The Believers Remained Devoted: Sunday School Lesson

Print Friendly and PDF

This Sunday School lesson is based on the events in Acts 4 where the early Christians show their devotion to Jesus. They continue in their faith even when hard times come. This lesson plan was first written for children’s Sunday School, but it could be adapted for other ministry settings. Be sure to check out the additional learning activities listed at the bottom of this page.

Bible Story: Devoted Believers Continue Despite Difficulties
Scripture: Acts 4:32-5:42
Target Age Group: Age 9 – 11 (U.S. 3rd – 5th Grade)
Learning Context: Sunday School
Target Time Frame: 60 minutes
Printer Friendly Bible Lesson: [print_link] this lesson plan
You Can Help: Please leave your feedback and suggestions for this lesson plan. Others will benefit from your ideas. Click here to respond

Supply List: Bibles, CD player, CD with instrumental music or praise music, butcher paper (or construction paper), make memory cards with different words or pictures from the previous lessons learned in Acts 1-4, memory verse review-have a few verses from previous lessons made into puzzles (example:  put words on index cards and put in envelopes or zip-lock bags).
Learning Goal: Students will learn that a devoted follower of Christ is faithful to God’s commands despite difficulties.
Learning Indicator: Students will discover character traits of devoted believers by examining Scriptures together.  They will be able to indicate their understanding of the lesson by answering review questions.
Learning Activity #1: As students arrive they can choose to play a memory game of words/or pictures from Acts 1-4.
Learning Activity #2:  As students arrive they can choose to review previous Memory Verses.  They can do individually or as a team timing themselves as they put the verse together.
Learning Activity #3: At the end of the lesson work with the class on the acrostic for the word devoted.
Test: Review Questions.
Memory Verse: Acts 5:42 (NIV) “Day after day, in the temple courts and from house to house, they never stopped teaching and proclaiming the Good News that Jesus is the Christ.”
Memory Verse Activity: Write phrases on butcher paper and tape them to different walls in the classroom.  After introducing the verse have the students walk around the room as you play music.  When the music stops the students need to find a phrase to stand by.  Have each group say the phrase they are standing by.  Encourage them each time you start to try to go to a different phrase each time the music stops.
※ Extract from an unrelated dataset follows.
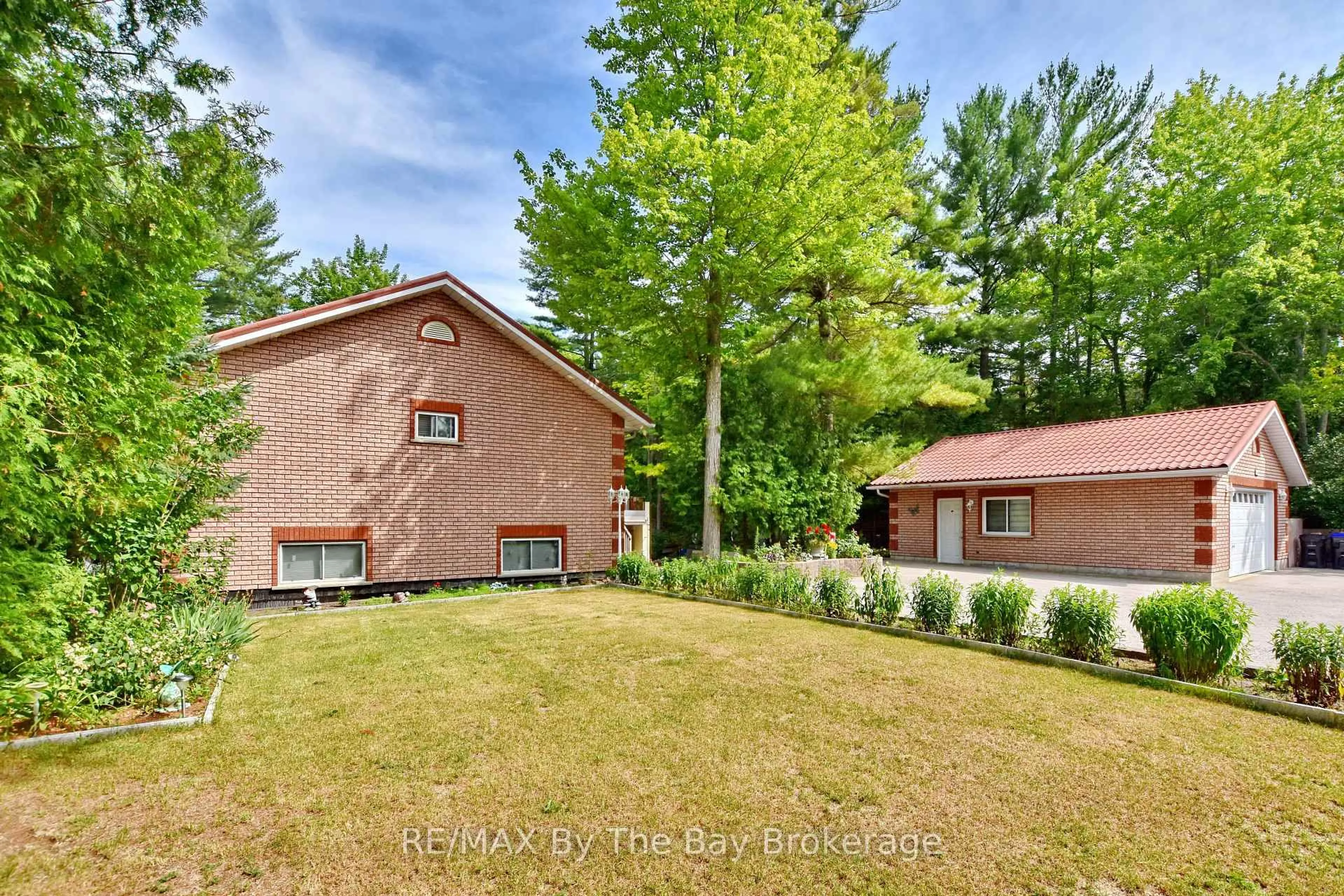 Home with brick exterior material, forest/trees view for 106 Deerbrook Dr, Wasaga Beach Ontario L9Z 2M8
Bible Lesson:  Devoted Believers Continue Despite Difficulties

(Give Bibles to any students who did not bring one.  Encourage them if they have their own Bible to bring it to class each week.)
(This lesson is a continuation of our class’ study of Acts.  This lesson is adaptable for younger students and can be used for Children’s Church.  This is a guide to help teach this passage of Scripture. As you teach your students the Holy Spirit will give you insight to concepts or words that the students really don’t know the meaning.  As you are teaching the lesson when you come to a phrase of concept we assume they would know, see if the students understand by asking what the word or phrase means in their own vocabulary.  Example:  What does it mean to be convicted of sin? Allow students to respond encouraging them for responding and as you draw out more answers you can use their correct responses to put in their language the phrase ‘convicted of sin’. When this question was asked in our class a student responded ‘to feel guilty’.)
As we have been studying the early church we are learning what a believer who is filled with the Holy Spirit looks like.  As you think about the events that we have read about from Acts 1-4 what are some characteristics of a believer filled with the Holy Spirit? (We have seen the believers have courage and boldness to speak God’s Word.)
Let’s open our Bibles to Acts 4:32.  Let’s read this verse.  This verse shows us more of what a believer filled with the Holy Spirit looks like.  The believers were one in heart and mind.  That means they were in agreement with each other.  They did not argue with each other and were not disagreeable with each other.  They had the same purpose which was to share the Good News with others. By being agreeable they were working together.  The last part of the verse shows us that these believers shared everything they had.  (NASB- “not one of them claimed that anything belonging to them was his own, but all things were common property to them.”)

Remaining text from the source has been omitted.